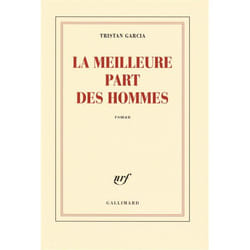 Éditions Gallimard LA MEILLEURE PART DES HOMMES Couverture rigide
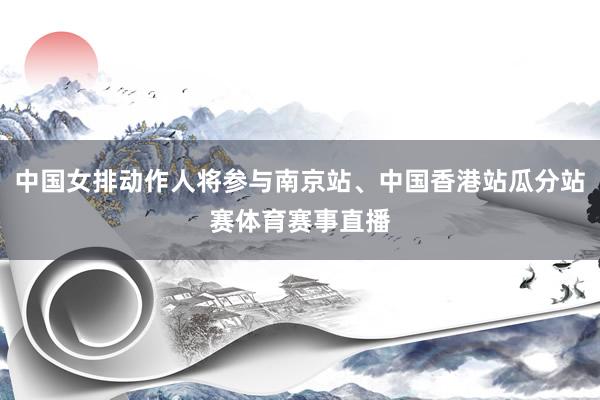 中国女排动作人将参与南京站、中国香港站瓜分站赛体育赛事直播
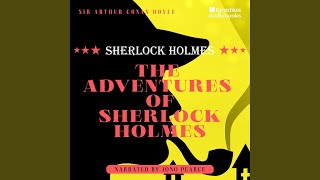 Chapter 8 - Part 5 - The Adventures of Sherlock Holmes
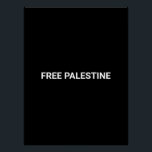 Póster Texto personalizado branco preto da Palestina livr<br><div class="desc">Texto personalizado branco negro da Palestina,  simples poster elegante minimalista e minimalista. Texto branco totalmente personalizável,  ou você pode simplesmente excluí-lo,  em fundo preto de cor sólida. As cores são editáveis. Verifique o resto da coleção para obter mais itens de coordenação e correspondência.</div>
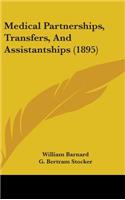 Medical Partnerships, Transfers, And Assistantships (1895)
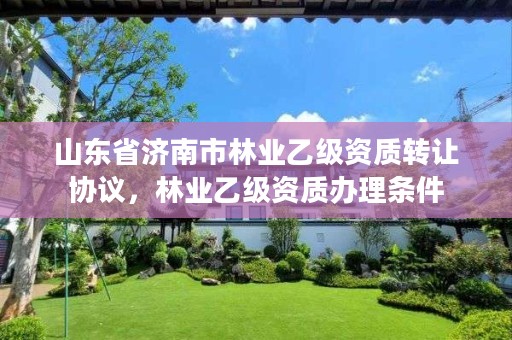 山东省济南市林业乙级资质转让协议,林业乙级资质办理条件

== WHAT YOU WILL DO ==
The records above are to be repeated exactly, with the pictures left out.

== ANSWER FOR THIS EXERCISE ==
 Éditions Gallimard LA MEILLEURE PART DES HOMMES Couverture rigide
 中国女排动作人将参与南京站、中国香港站瓜分站赛体育赛事直播
 Chapter 8 - Part 5 - The Adventures of Sherlock Holmes
 Póster Texto personalizado branco preto da Palestina livr<br><div class="desc">Texto personalizado branco negro da Palestina,  simples poster elegante minimalista e minimalista. Texto branco totalmente personalizável,  ou você pode simplesmente excluí-lo,  em fundo preto de cor sólida. As cores são editáveis. Verifique o resto da coleção para obter mais itens de coordenação e correspondência.</div>
 Medical Partnerships, Transfers, And Assistantships (1895)
 山东省济南市林业乙级资质转让协议,林业乙级资质办理条件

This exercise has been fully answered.